» TASK OBJECTIVE:
Set down exactly, from the records below, the line with "ESPN Analyst Dan" through the line with "Miles de personas", and nothing else.

==== STORED DATA

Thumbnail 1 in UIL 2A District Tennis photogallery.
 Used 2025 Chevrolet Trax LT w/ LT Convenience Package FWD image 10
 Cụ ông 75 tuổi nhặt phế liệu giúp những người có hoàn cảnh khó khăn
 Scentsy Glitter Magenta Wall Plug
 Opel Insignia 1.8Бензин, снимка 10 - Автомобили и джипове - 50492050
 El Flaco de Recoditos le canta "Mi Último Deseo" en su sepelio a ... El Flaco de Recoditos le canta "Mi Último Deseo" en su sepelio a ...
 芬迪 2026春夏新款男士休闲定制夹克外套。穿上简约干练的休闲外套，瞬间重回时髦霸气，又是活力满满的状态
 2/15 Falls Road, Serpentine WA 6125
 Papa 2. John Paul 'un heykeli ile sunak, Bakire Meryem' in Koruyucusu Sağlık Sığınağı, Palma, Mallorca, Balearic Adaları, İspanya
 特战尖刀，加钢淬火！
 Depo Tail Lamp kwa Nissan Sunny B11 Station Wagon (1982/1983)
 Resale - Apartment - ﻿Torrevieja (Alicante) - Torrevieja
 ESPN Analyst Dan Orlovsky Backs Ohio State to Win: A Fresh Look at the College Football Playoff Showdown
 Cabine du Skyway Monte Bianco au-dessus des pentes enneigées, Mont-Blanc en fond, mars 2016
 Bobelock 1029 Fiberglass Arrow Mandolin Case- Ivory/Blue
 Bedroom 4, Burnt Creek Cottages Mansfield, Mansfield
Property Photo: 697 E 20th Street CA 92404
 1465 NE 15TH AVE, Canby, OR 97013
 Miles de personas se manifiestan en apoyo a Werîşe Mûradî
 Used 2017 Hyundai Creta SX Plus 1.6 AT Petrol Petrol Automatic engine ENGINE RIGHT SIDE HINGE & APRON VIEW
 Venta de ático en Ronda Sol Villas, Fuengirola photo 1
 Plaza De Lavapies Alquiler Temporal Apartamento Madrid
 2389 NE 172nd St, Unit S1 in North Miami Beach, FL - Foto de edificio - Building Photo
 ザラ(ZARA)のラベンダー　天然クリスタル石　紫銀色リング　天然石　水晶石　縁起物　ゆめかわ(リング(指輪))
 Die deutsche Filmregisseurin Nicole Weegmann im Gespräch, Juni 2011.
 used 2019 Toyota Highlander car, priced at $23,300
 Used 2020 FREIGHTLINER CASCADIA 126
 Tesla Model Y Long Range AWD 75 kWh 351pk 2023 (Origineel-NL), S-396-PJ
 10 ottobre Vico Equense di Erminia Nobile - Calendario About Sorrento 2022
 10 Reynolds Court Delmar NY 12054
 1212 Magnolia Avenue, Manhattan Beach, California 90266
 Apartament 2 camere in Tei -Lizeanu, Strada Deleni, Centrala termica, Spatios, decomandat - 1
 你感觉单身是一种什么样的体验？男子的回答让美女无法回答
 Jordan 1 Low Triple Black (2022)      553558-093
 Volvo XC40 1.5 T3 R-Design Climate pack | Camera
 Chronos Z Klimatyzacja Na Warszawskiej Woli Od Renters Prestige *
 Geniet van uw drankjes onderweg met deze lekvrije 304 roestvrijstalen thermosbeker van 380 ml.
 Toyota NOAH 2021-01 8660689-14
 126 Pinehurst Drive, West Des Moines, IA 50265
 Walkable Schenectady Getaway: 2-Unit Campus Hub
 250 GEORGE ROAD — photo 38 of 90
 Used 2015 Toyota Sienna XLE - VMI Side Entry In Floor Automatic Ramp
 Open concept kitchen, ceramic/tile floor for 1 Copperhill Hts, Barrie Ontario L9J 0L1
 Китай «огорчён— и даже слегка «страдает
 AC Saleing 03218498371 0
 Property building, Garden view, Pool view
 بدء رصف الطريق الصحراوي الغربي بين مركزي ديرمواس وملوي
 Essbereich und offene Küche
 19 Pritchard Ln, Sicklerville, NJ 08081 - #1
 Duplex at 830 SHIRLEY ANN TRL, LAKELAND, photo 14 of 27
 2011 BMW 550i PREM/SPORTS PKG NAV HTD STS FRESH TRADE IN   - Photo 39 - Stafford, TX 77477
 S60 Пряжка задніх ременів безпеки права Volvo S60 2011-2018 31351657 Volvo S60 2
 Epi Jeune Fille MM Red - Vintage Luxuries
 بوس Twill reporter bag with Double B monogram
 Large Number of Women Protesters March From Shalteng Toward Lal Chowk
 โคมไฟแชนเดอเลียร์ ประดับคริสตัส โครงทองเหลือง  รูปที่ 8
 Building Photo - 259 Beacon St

========

» WRITTEN REPLY:
 ESPN Analyst Dan Orlovsky Backs Ohio State to Win: A Fresh Look at the College Football Playoff Showdown
 Cabine du Skyway Monte Bianco au-dessus des pentes enneigées, Mont-Blanc en fond, mars 2016
 Bobelock 1029 Fiberglass Arrow Mandolin Case- Ivory/Blue
 Bedroom 4, Burnt Creek Cottages Mansfield, Mansfield
Property Photo: 697 E 20th Street CA 92404
 1465 NE 15TH AVE, Canby, OR 97013
 Miles de personas se manifiestan en apoyo a Werîşe Mûradî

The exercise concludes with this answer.